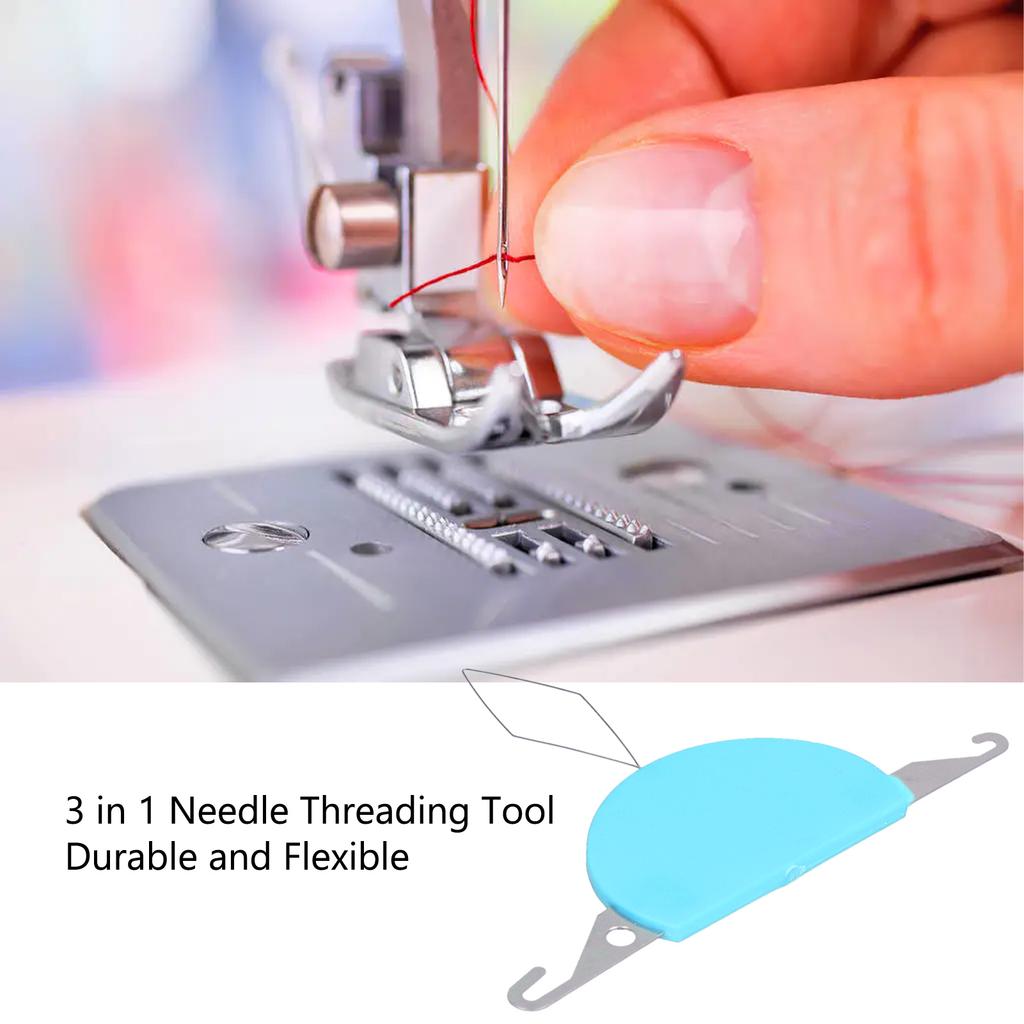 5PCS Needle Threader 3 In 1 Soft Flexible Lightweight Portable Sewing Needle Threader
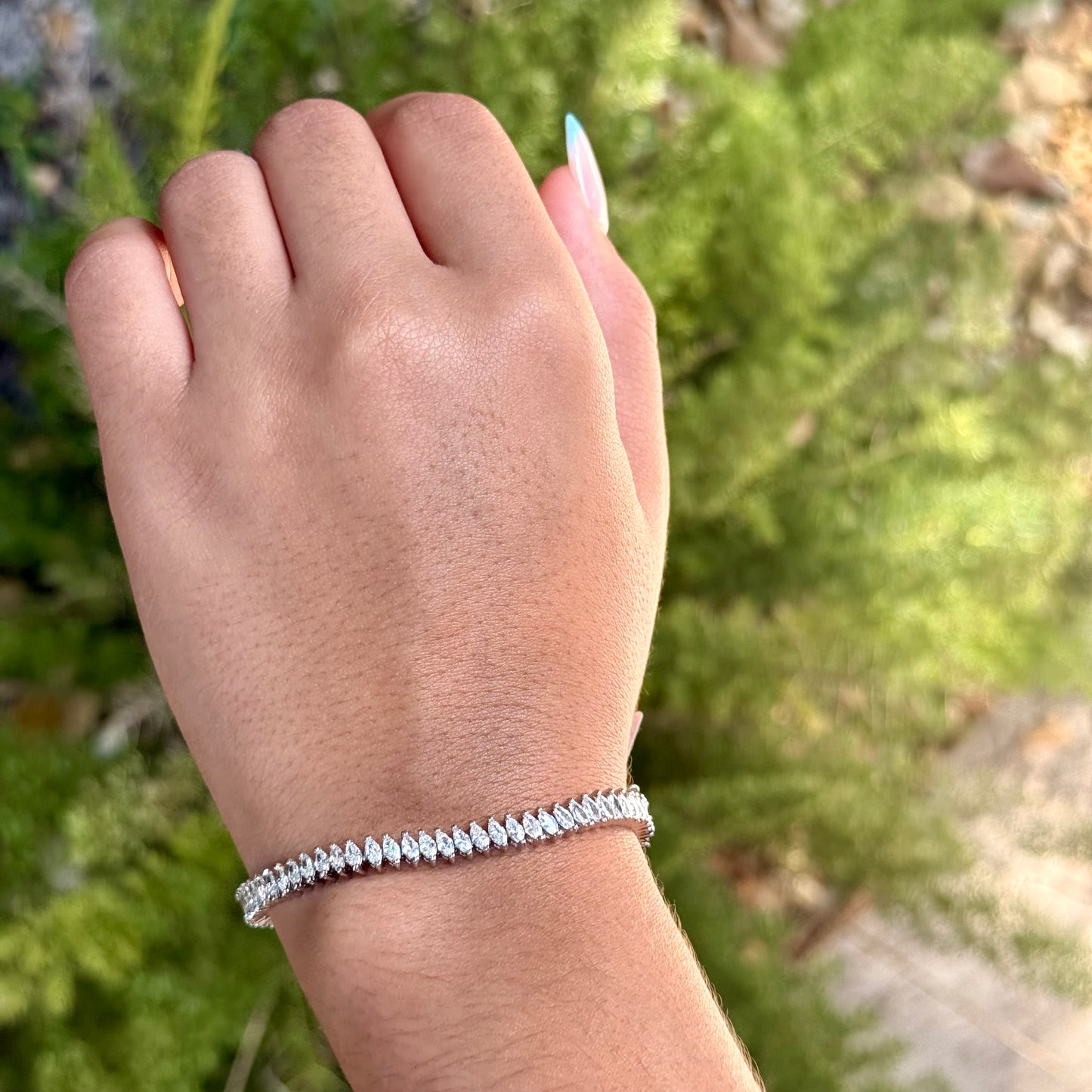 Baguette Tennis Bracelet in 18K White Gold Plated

──────────────────────────────

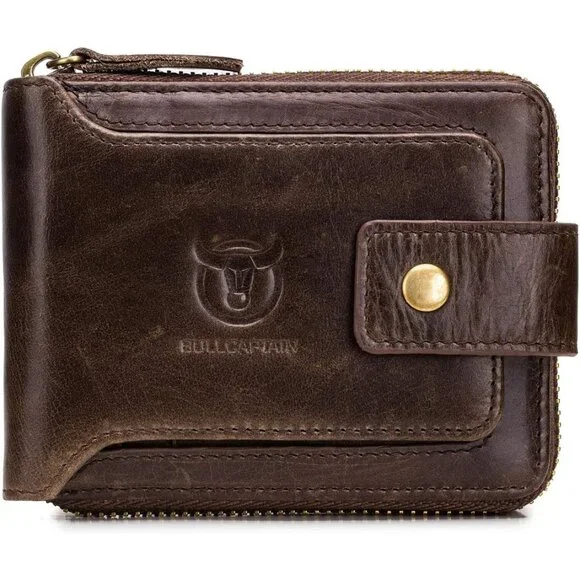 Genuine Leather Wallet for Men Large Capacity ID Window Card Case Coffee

──────────────────────────────

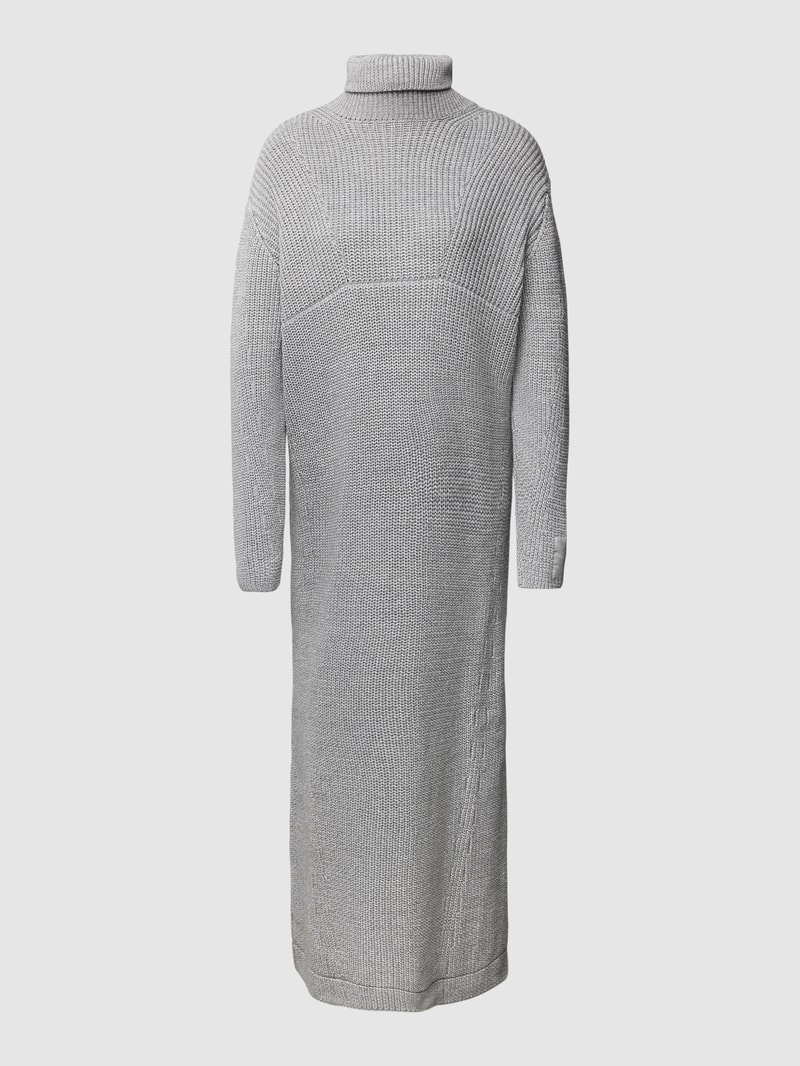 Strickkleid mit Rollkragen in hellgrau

──────────────────────────────

▶ Task details
In the listing above, find the line with "5PCS Needle Threader" and the line with "Baguette Tennis Bracelet". Set down both and every line between them, minus the pictures.

▶ Exercise output
 5PCS Needle Threader 3 In 1 Soft Flexible Lightweight Portable Sewing Needle Threader
 Baguette Tennis Bracelet in 18K White Gold Plated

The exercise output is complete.